As the region prepares to mourn legendary performer Vin Garbutt at his funeral today, The Northern Echo’s folk columnist Jez Lowe pays his own tribute

AFTER emerging from a Vin Garbutt concert many years ago, our voices hoarse from singing along, and our sides aching from laughing so much, we all wondered, as many times before, why the Teeside Troubadour wasn’t a megastar, a household name, such was his unique but all-inclusive appeal that came across in each and every performance.

Martin Carthy, England’s leading folk singer and a cult-figure himself if ever there was one, once offered his opinion on this conundrum.

“Vin flies better under the radar,” he said. I suppose there was much truth in that, but you’d never have believed it last week, when messages of condolence and sadness came pouring in from all over the world, lamenting the loss of a man who had devoted much of his life to entertaining us with the music he loved.

It was obvious that he had touched the hearts of so many people, fellow-performers and audiences alike, both with the power of his performance, and with his out-going, friendly and vivacious personality. Heaven-bound, he was well above the radar, and people wanted to let everyone else know how much he’d be missed.

I was still a schoolboy when I first saw him, and he himself wasn’t much older, and yet he seemed fully-formed in style and in attitude. He was indeed unique, as well as uncompromising and totally sincere in everything he did.

You could perhaps trace his Irish ancestry in his words and in his songs, but the onstage delivery of what he did must surely have come from within him, because there was no-one else to compare him to on that score.

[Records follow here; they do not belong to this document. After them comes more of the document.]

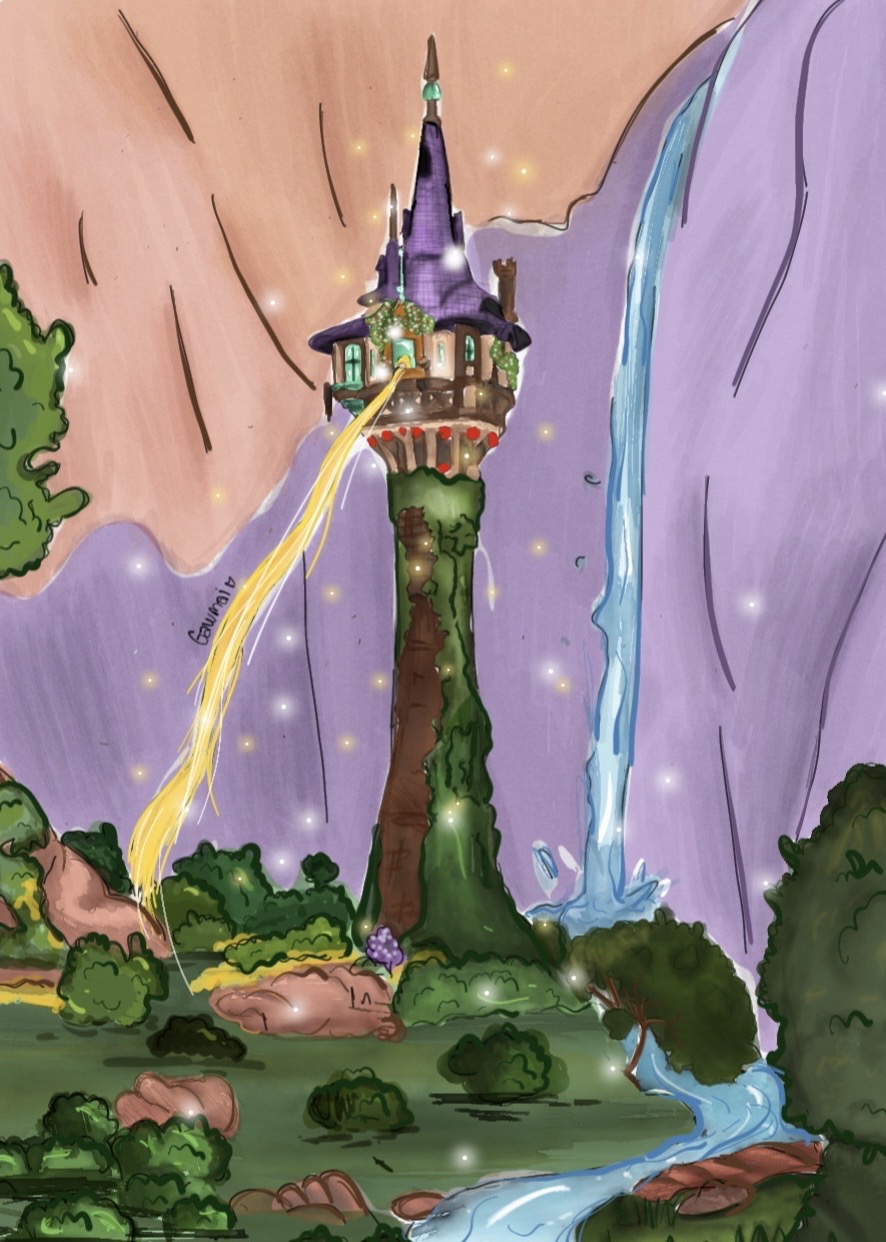 Rapunzel and her tower by Gawmai on DeviantArt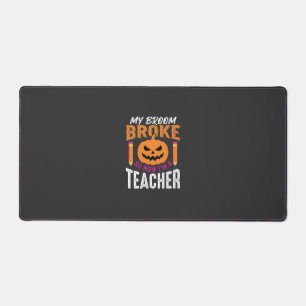 Halloween Teacher Broom Broke Pumpkin Design Desk Mat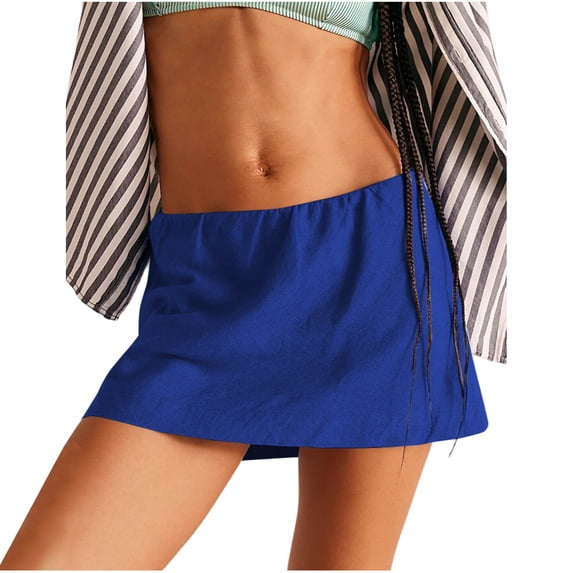 GNFQXSS Womens Linen Skorts Casual Cute A-Line Mini Skirts with Ruffle Inner Waistband Blue L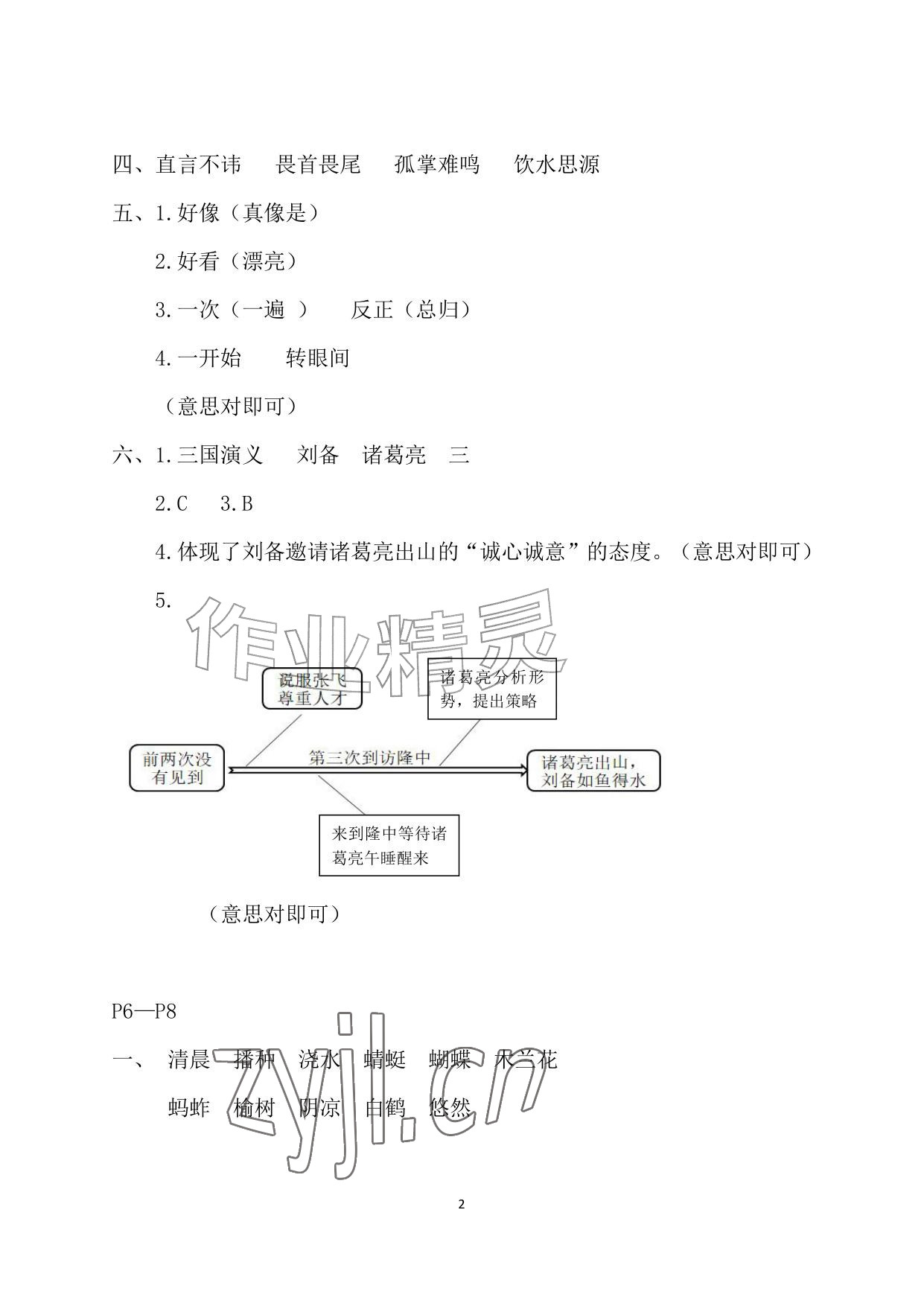2026年暑假作业安徽少年儿童出版社五年级语文人教版&nbsp;参考答案第2页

When we talked about it once, he told me how the humour, the zany use of language and comic phrasing came from his own family, and moreover from Teesside itself.

His pride in his background was well known, and he unflinchingly expressed it to whole world. It was as if the essence of James Joyce, John Lennon, Spike Milligan and Ronnie Drew of the Dubliners had been forged into one whole being in an ICI workshop in South Bank in 1947, and then let loose into the world, armed with a guitar and a tin whistle.

Despite the sadness of his loss, every time I’ve talked about him with friends in the last few days, it’s always ended with every one of us hooting with laughter, remembering some story that he told from the stage, or at an informal get-together after a festival or a gig.

His mastery of the zany tale and comic timing was part of his everyday persona, as well as his professional one, and his deeply caring nature was no surprise to anyone who heard his own songs, and the songs of others that he chose to lend that voice of his to.

His home on the cliffs overlooking the North Sea near Loftus was a cherished respite from the rigours of touring, and here he welcomed fellow-musicians and travellers from all over the world across his doorstep, much the same as many of them had done to him, and the rest of us wayward folkies, over the years.

We can talk of the void he leaves behind, of the end of an era, and reach out to his own family with our sympathy, but I for one am grateful that I heard him, saw him, knew him and shared in the gift that he brought to the world of music.

It only ever took a tiny, three letter word to sum up who he was and what he did. “Vin,” you would say, and straight away, everyone smiled and knew exactly what you meant.

Vin Garbutt died last week aged 69, weeks after undergoing heart surgery. The South Bank-born folk singer's music is celebrated across the globe, and he enjoyed a 50-year career as a musician. His funeral takes place at Middlesbrough Cathedral on Friday, June 16 at 12pm, and he will be laid to rest at Eston Cemetery afterwards. Family members have said anyone touched by Vin, his music or friendship, is welcome to attend.